Parmi les œuvres existantes qu’Alain Buffard a rassemblé pour la chapelle des Jésuites le coréen Chan Hyo Bae fait le lien entre l’interrogation sexuelle et les troubles dans le genre avec sa série Existing in costumes, fairy tales& Punishments. L’artiste se travestit en lien à l’iconographie de la royauté britannique et des contes de fées occidentaux manifestant ainsi son ressenti d’aliénation culturelle. Ces portraits en pieds dialoguent avec un triptyque de l’indienne Pushpamala N où elle se montrer en femme chrétienne, hindoue et musulmane. Ce protocole constitue en soi un acte politique fort et risqué pour une indienne. A côté de cette dénonciation des rôles imposés à la femme le tanzanien Mwanzo Millinga produit une série de portraits documentaires de jeunes albinos qui dans son pays sont enlevés et tués du fait des pouvoirs surnaturels qui leur sont attribués. La présence dans chaque image d’un cadre de guingois rend la série plus prégnante sur cette fragile beauté qui devient menace de mort.

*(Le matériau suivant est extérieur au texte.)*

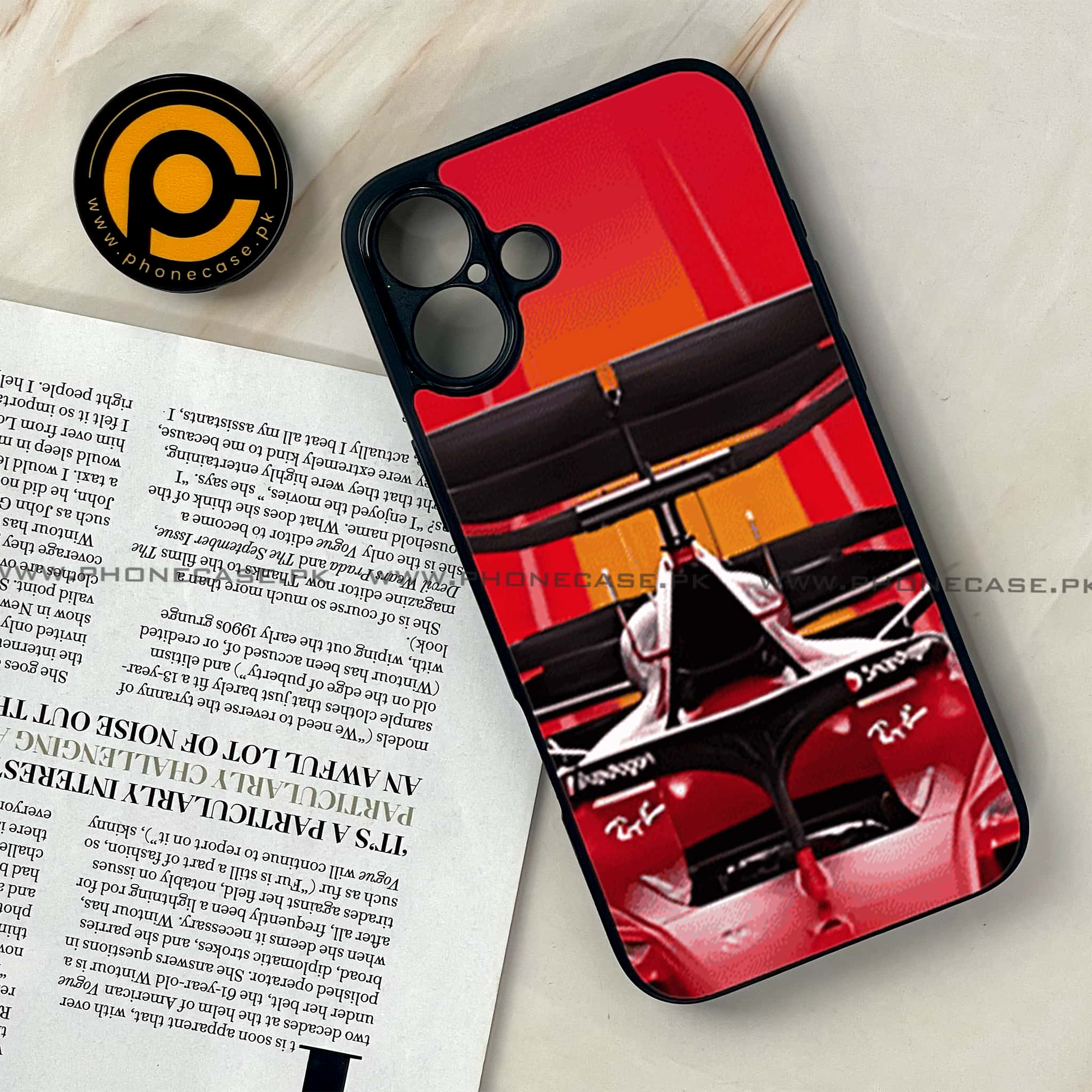 iPhone 16 - Formula 1 Design Series - Premium Printed Glass soft Bumper shock Proof Case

Le reste de l’exposition est installé dans le cadre du Museum d’Histoire Naturelle qui est resté sans changement depuis sa création dans les années 1930, c’est un monument du kitsch et tout y respire les satisfecit colonialistes, les attendus les plus racistes, en introduisant dans la galerie d’ethnographie vidéo et photographies d’artistes contemporains le chorégraphe donne à voir ce hiatus idéologique. Il a passé commande à la photographe Anna Katharina Scheidegger, diplômée du Studio National des Arts du Fresnoy pour faire le portrait d’anciens travailleurs indochinois embarqués de force au moment du second conflit mondial pour venir travailler dans le sud est de la France. C’est ainsi qu’ils ont contribué à l’amélioration des techniques de culture du riz en Camargue. Leurs portraits sont installés au milieu des galeries d’animaux empaillés.

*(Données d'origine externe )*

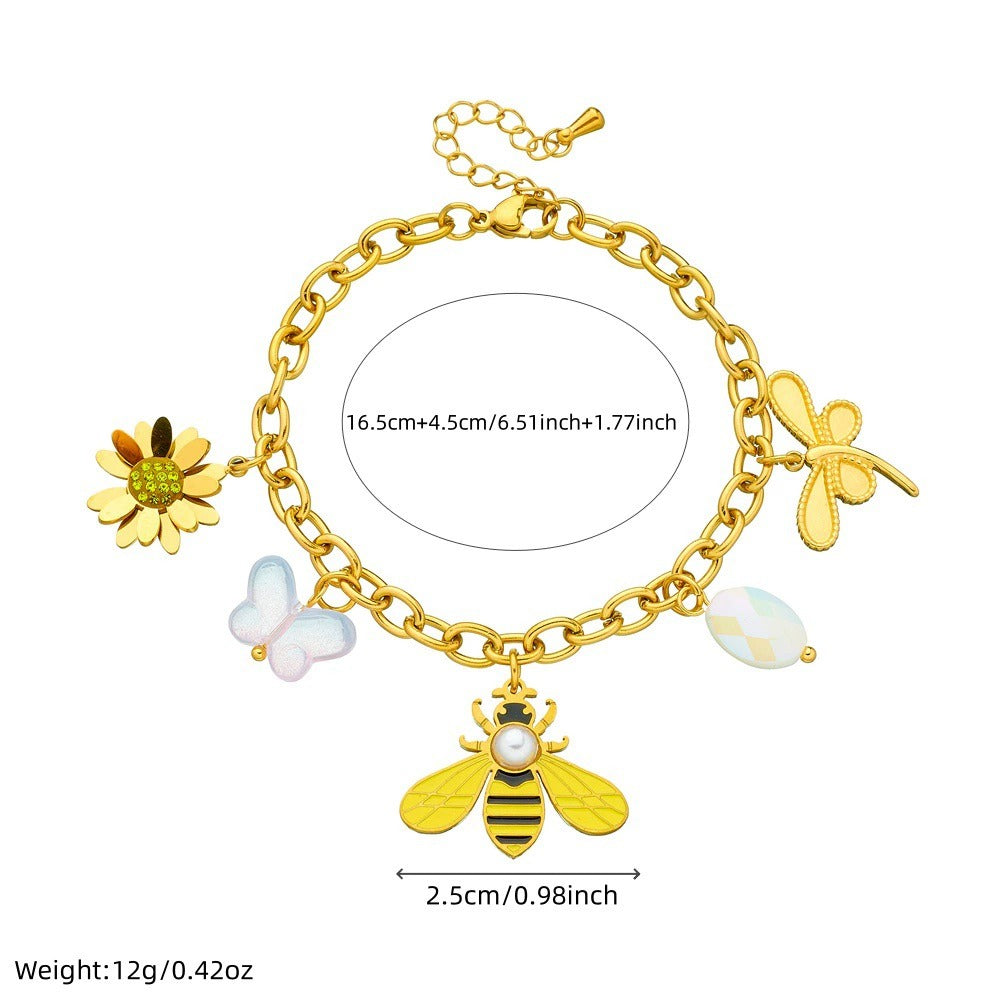 BN29: 18K Gold Plated Premium Stainless Steel Charm Bracelet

Dans le même environnement la vidéo du turc Ferhat Özgur Metamorphis chat filme la rencontre tournée selon l’esthétique des feuilletons télévisés
entre sa mère, qui a toujours porté le voile, et sa voisine professeur, qui porte des vêtements plus occidentaux. La décision d’échanger leurs vêtements, est l’occasion de crises de rire et leur complicité joyeuse leur permet d’évoquer la condition de la femme confrontée à ses obligations vestimentaires.
La vidéaste franco-marocaine Bouchra Khalili interroge la géographie de l’immigration dans ses courtes bandes The mapping journey project. Interrogés en voix off des personnes contraintes à l’exil retracent sur des cartes de la zone méditerranéenne les aléas et contingences de leurs parcours ballotés par les conditions politiques et économiques.
Cet ensemble d’œuvres s’accompagne d’une programmation danse avec des performances chorégraphiques de la franco-ivoirienne Nadia Beugré, et de la franco-marocaine Latifa Laâbissi, complétées d’une série de conférences dont celle de Françoise Vergès , présidente du comité pour la Mémoire et l’Histoire de l’esclavage.
L’ensemble constitue une approche composite de la géographie humaine et de l’histoire non européocentrée qui permet à Alain Buffard de produire avec une grande intelligence des œuvres une pensée et une mémoire de la diversité culturelle.